X- Normlar hiyerarşisi esasına göre, düzenleyici işlemlerin üst hukuk normlarına uygun olması gerekmekte olup, bir alt norm, üst norma aykırılık teşkil etmemeli, üst normun kendisine verdiği sınırların dışına çıkmamalıdır.
Anayasa’nın 124. maddesiyle Cumhurbaşkanı, bakanlıklar ve kamu tüzelkişilerine, kendi görev alanlarını ilgilendiren kanunların ve Cumhurbaşkanlığı kararnamelerinin uygulanmasını sağlamak üzere verilen yönetmelik çıkarma yetkisi, üst hukuk normları olan Anayasa’ya, kanunlara ve Cumhurbaşkanlığı kararnamelerine aykırı olarak kullanılamayacaktır. İdareler bu yetki çerçevesinde yönetmelik çıkarabilecekleri gibi, kamu hizmetinin daha etkin ve verimli yürütülmesi amacıyla yönetmeliklerde değişiklikler de yapabilirler.
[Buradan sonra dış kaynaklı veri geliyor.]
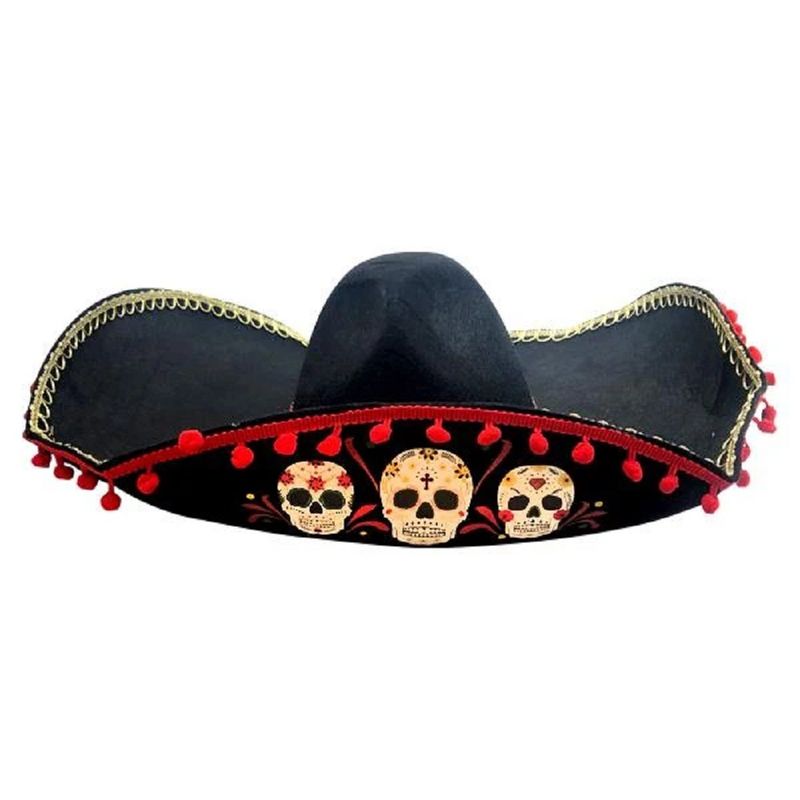 COTILLON ACTIVARTE - Gorro Sombrero Mexicano Catrina Calaveras Cotillón Activarte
İlk defa müstakil bir biçimde yürürlüğe konulan yönetmelikler ile mevcut yönetmeliklerde değişiklik yapılmasını öngören çerçeve yönetmeliklerde yer alan düzenlemelerin, üst hukuk normları olan tüzük, Cumhurbaşkanlığı kararnamesi, kanun/khk ve Anayasa’da yer alan hükümlere aykırı hükümler ihtiva edemeyeceğinde bir tereddüt bulunmamaktadır. İlk defa yürürlüğe konulan müstakil yönetmelikler ile mevcut yönetmeliklerde değişiklik öngören çerçeve yönetmeliklerin önceki yönetmelik hükümlerine göre yeni hükümler öngörmesini veya farklı düzenlemeler içermesini yasaklayan herhangi bir yasal veya anayasal engel bulunmamakta olup, yargı organları düzenleyici işlemleri denetlerken (düzenleyici işlemden kaynaklanan kazanılmış haklara ilişkin geçiş düzenlemeleri hariç) önceki yönetmelik hükümlerini “ölçü norm” olarak kullanamaz. Ancak, temyiz istemine konu Daire kararında; “Yönetmeliğin değişmeden önceki düzenlemelerinin 2863 sayılı Kanun’da yer alan düzenlemelere uygun olduğu ve değişiklikten önceki bu düzenlemelerin Yönetmelik’te yer alan anıt ağaç tanımı ile de uyumlu olduğu” ifadelerine yer verilerek, önceki Yönetmelik hükümleri ölçü norm olarak değerlendirilmiştir.
Öte yandan, “yönetmelik çıkarma yetkisi”nin düzenlendiği Anayasa’nın 124. maddesi ile “İdari mahkemeler; yerindelik denetimi yapamazlar, yürütme görevinin kanunlarda gösterilen şekil ve esaslara uygun olarak yerine getirilmesini kısıtlayacak, idari eylem ve işlem niteliğinde veya idarenin takdir yetkisini kaldıracak biçimde yargı kararı veremezler.” hükmünün yer aldığı Anayasa’nın 125. maddesi uyarınca idarenin takdir yetkisini ortadan kaldıran yargı kararı verilmesi mümkün değildir.
Bu durumda, üst hukuk normlarına aykırılık taşımayan dava konusu düzenlemenin önceki Yönetmelik hükmü esas alınarak denetlenmesi mümkün olmadığından ve bu durum “yerindelik denetimi” anlamına geleceğinden; dava konusu düzenlemenin iptali yolundaki Daire kararının bozulması gerektiği oyuyla karara katılmıyorum.